LDX3 New York lineup

Which metrics are key?

There are four metric buckets that are important now, Peate said. These are AI usage data, customer value delivered, customer pain created, and the impact on human engineers

“Specifically, track AI usage data like tokens used, lines accepted, and cost, plus the dates of AI interventions. Combined, these help leaders better tease out the impact of AI.”

By comparing metrics before and after AI experiments, teams can net out differences that existed before the AI intervention. By looking at high AI adopters, teams can measure the people using AI the most, versus those using AI less. 

As for customer value delivered, this should link to a unit of customer value, like a feature, but fallbacks might be pull requests shipped or tickets completed, Peate added. 

Meanwhile, the number of incidents is the obvious metric to use for gauging customer pain created, but bug reports are also a good way to track the broader impact. “I also recommend having leading indicators for this, as no one wants their first indicator of AI quality issues to come from an AI incident at 2 am,” Peate said. 

Finally, AI rollouts are bringing more out-of-hours work, so teams should track this as an indicator of the human impact of AI changes, Peate said.
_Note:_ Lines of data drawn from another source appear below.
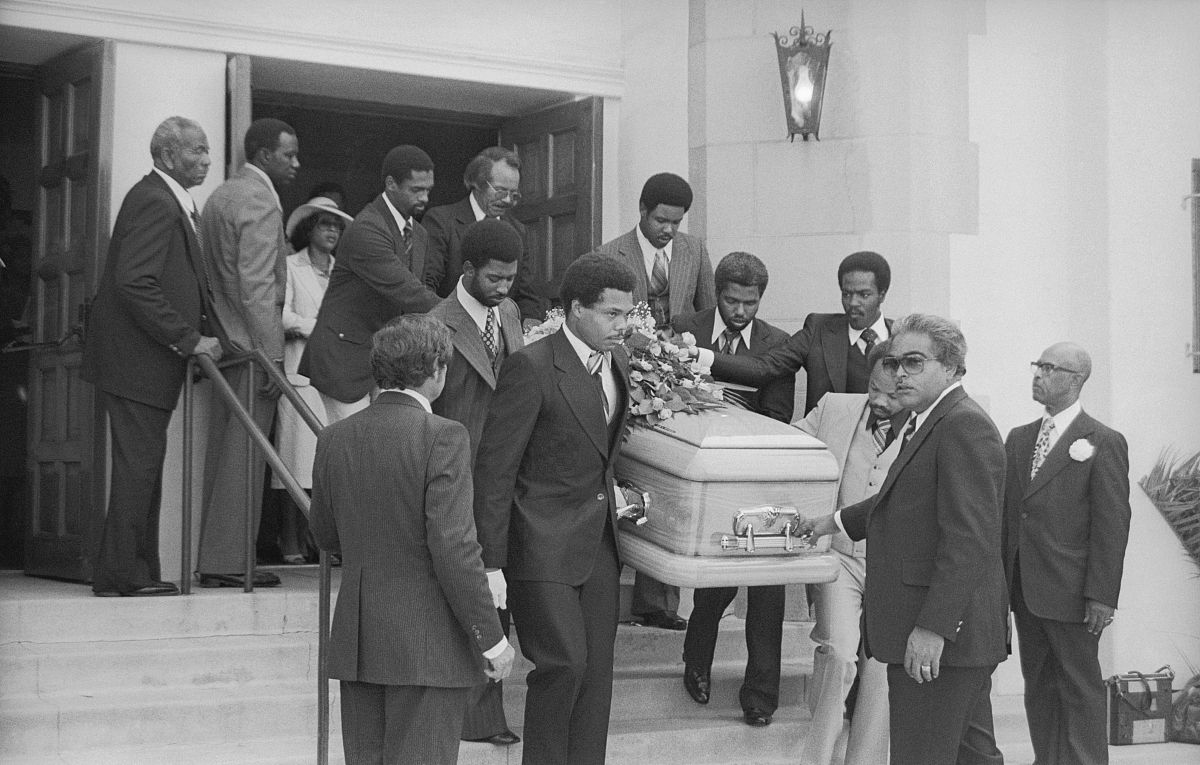 1垄断组织的主要形式有A卡特尔C托拉斯B辛迪加D康采恩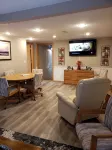 One Mile from Airport!!   3 Bedroom Lodge Sleeps 5 to 7 - 2-Star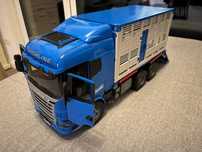 Bruder - Camion transport animale albastru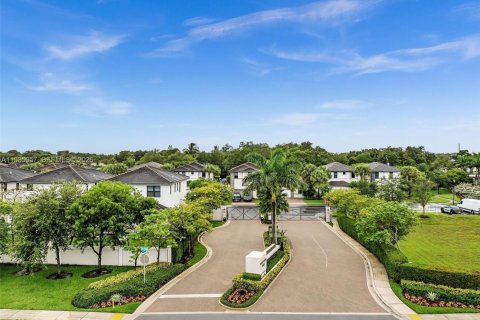 House in Dania Beach, Florida 3 bedrooms, 140.1 sq.m. № 2047588 - photo 29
“Outcome‑oriented metrics tend to be more meaningful than raw activity counts, because they reflect whether AI is actually helping teams build and ship software more effectively,” said Sridhar.

These kinds of signals also avoid incentivizing speed at the expense of long‑term quality and resilience.

“Ultimately, the most important question is whether teams are delivering on their roadmaps faster and with confidence,” Sridhar added. “Metrics are most impactful when they tie directly to the outcomes the organization is trying to drive.”